A flash of genius and a little help from my friends helped me all but finish my Smocked Rib Stitch Pillow this weekend.
I had some real hiccups with this, mostly because I was making it up as I went along. The crochet provisional cast on worked, but it didn't unzip correctly. Which I should have anticipated if I'd thought a bit harder about it. Flipping the yarn back and forth over the chain to k2p2 meant pulling all the yarn through a loop every other stitch when trying to remove it. What should have taken 3 seconds ended up taking an hour.
Then I tried to focus on seaming the thing together by grafting the 2x2 ribbing. Staci has excellent instructions for doing this, but I just kept messing it up. I have regular stockinette Kitchener grafting so stuck in my head that I couldn't get the rhythm. And the squished together stitches made it hard to see what I was doing. I must have started and stopped four times. I grumbled about this with my knitting crew, and they convinced me that a 3-needle bind-off would work just fine. And they were right. Not totally invisible, but not too jarring. And it's a tube, right? The seam can always be rolled out of view.
The part I was on my own with was the end caps. I wanted round pieces, which aren't the easiest thing to do in knitting. I toyed with the idea of crocheting round pieces, but thought the styles would be too different. So I went with Elizabeth Zimmerman's pi method, wherein the number of stitches is doubled after the number of rows has doubled. I'm sure I learned some theorem or proof about this in Mr. Ashorn's geography class back in high school, but if so I've since forgotten. The basics are:
- Start with 8 stitches
- Knit a round (2 rds) then double the no. of stitches (16 st)

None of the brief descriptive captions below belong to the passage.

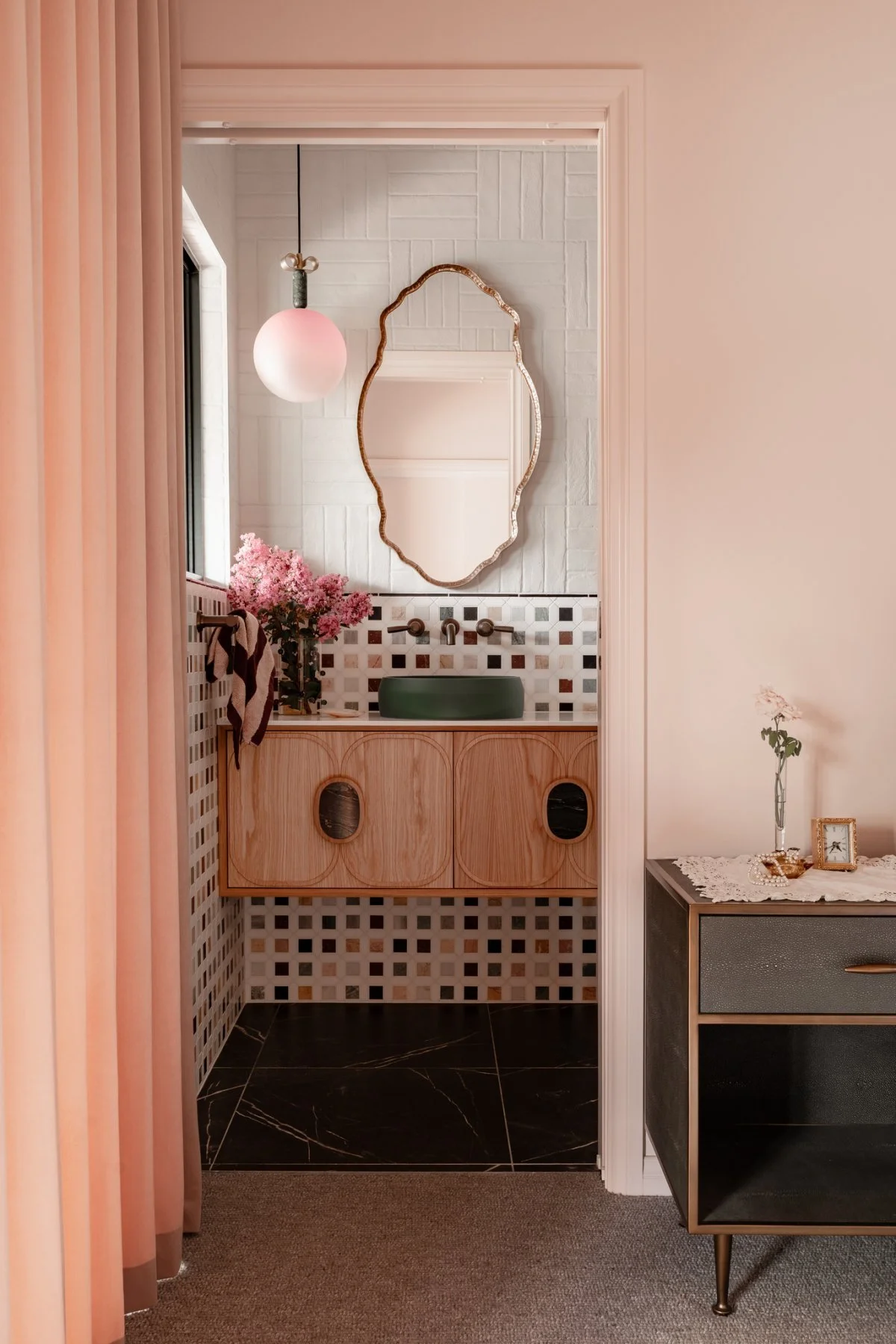 The ensuite carries the same language as the main bathroom, but in a quieter and more intimate manner.
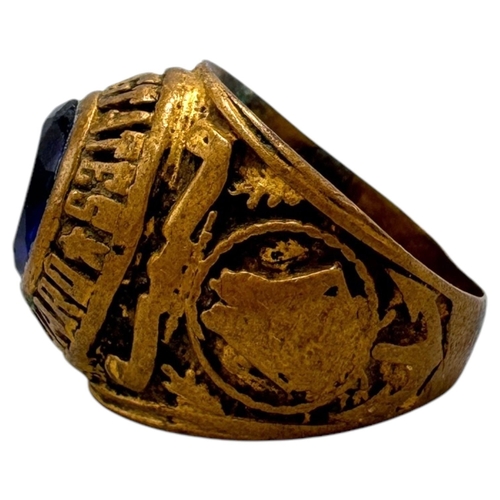 902 - A Vietnam war era US Coast Guard fraternity Ring, featuring a central dark blue oval stone and a sta... 
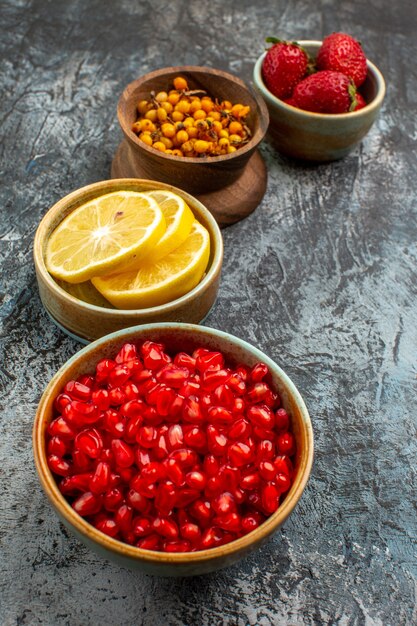 Vista frontal de las granadas peladas con otras frutas en la mesa de luz oscura fruta fresca de color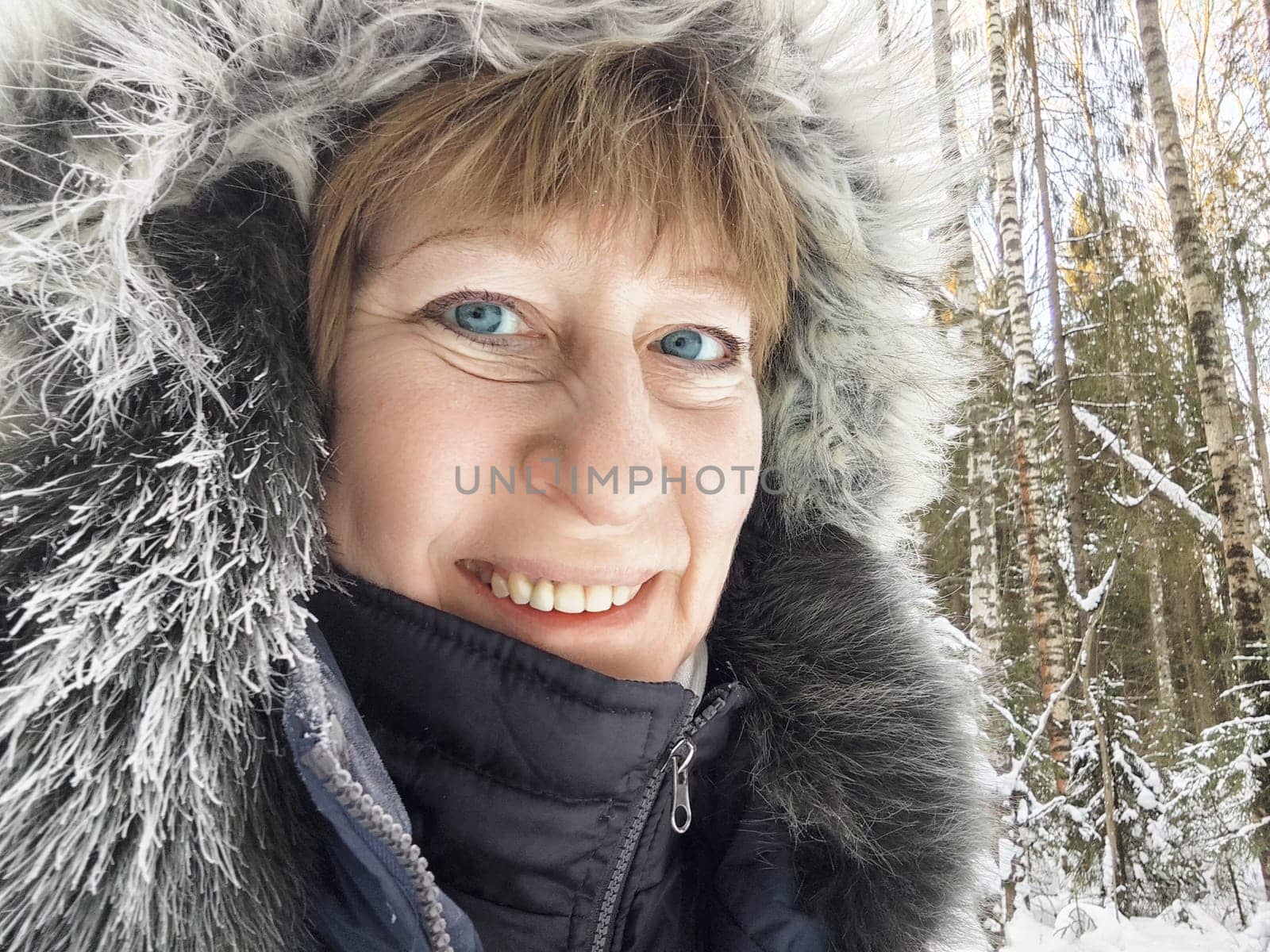 A mature blonde woman takes a cheerful selfie in a snowy forest landscape, dressed warmly for the cold weather.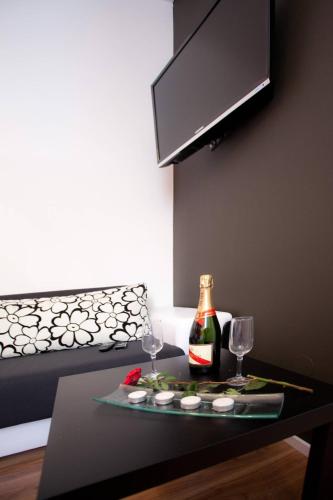a table with a bottle of wine and two glasses at Apartments Top Center in Zagreb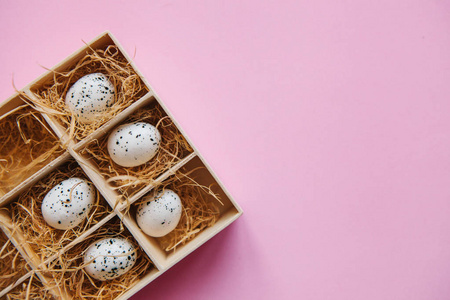 在粉红色背景上的盒子或容器中的一组鸡蛋。节日复活节概念在最小的风格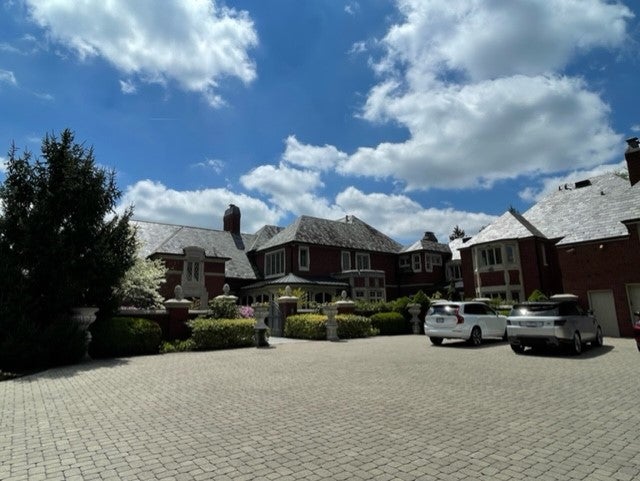 cars parked in the brick driveway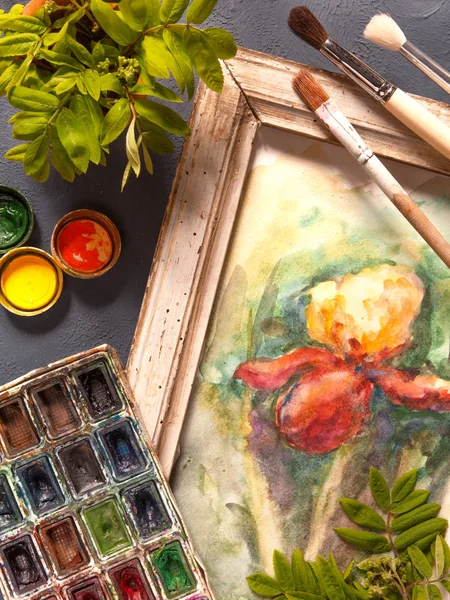 Brushes, acrylic and watercolor paints, a picture in a frame and a canvas, tools for the artist\'s creativity on a dark background in a vintage style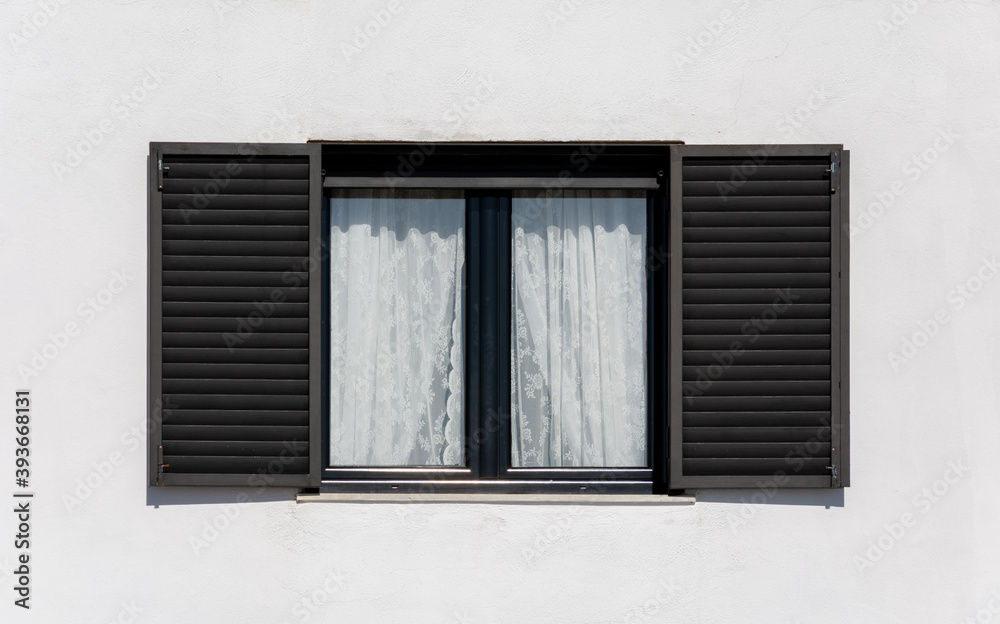 Wooden window with black shutters on a white facade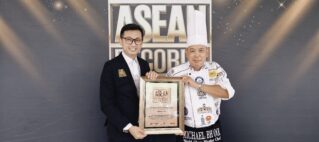 Two men pose with a framed ASEAN Records certificate at an awards event, one in a suit, the other in a chef's uniform and hat.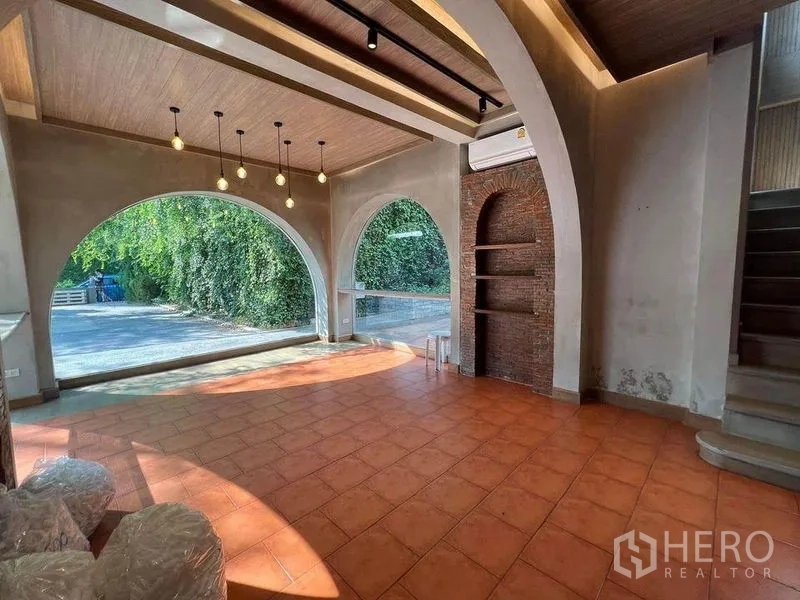 Retail Space for rent in Phaya Thai, Bangkok - Open retail hall with arched glass, brick niche, and tiled floor.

- Knit until 4 rds from previous increase then double the no. (32 st)
- Knit until 8 rds from previous increase then double the no. (64 st.)
- Knit until 16 rds from previous increase then double the no. (128 st)
I ended up knitting one more round just to tidy things up. The 128 stitches around the end panel happened to be only four fewer than the 132 stitches on the selvedge edge of the tube -- 11 repeats of the 12-row motif. I didn't plan this -- math, geometry, gauge and tension just worked out in this case. I couldn't have planned it.
Then I needed to figure out how to get this attached. I had live stitches on the end pieces, which needed to be both bound off and attached, so I did what amounted to a combination gusset pickup and bind off. I put the needle through a live stitch on the end panel, grabbed yarn through a selvedge stitch from the tube, pulled it through both, then bound it off on the next stitch. This created a nice exposed crochet chain edge, that was almost one-for-one between the two pieces. Every 32 stitches I skipped one and the count lined up perfectly.
The first panel was easier than the second, because I had to have the pillow form stuffed inside for the latter. And I don't think I'm quite done. The form poofs out a bit on the ends, making the pillow look like one of those canisters you put in the pneumatic tube at a bank drive-through. I'm thinking of pulling them in with some upholstery buttons.
I like how the smocking pattern makes it look like the pillow is covered with dragonflies when viewed at the angle in the first photo above. Very appropriate now that our sultry Texas summers seem to have finally arrived. Hope you're enjoying your summer as much as I am!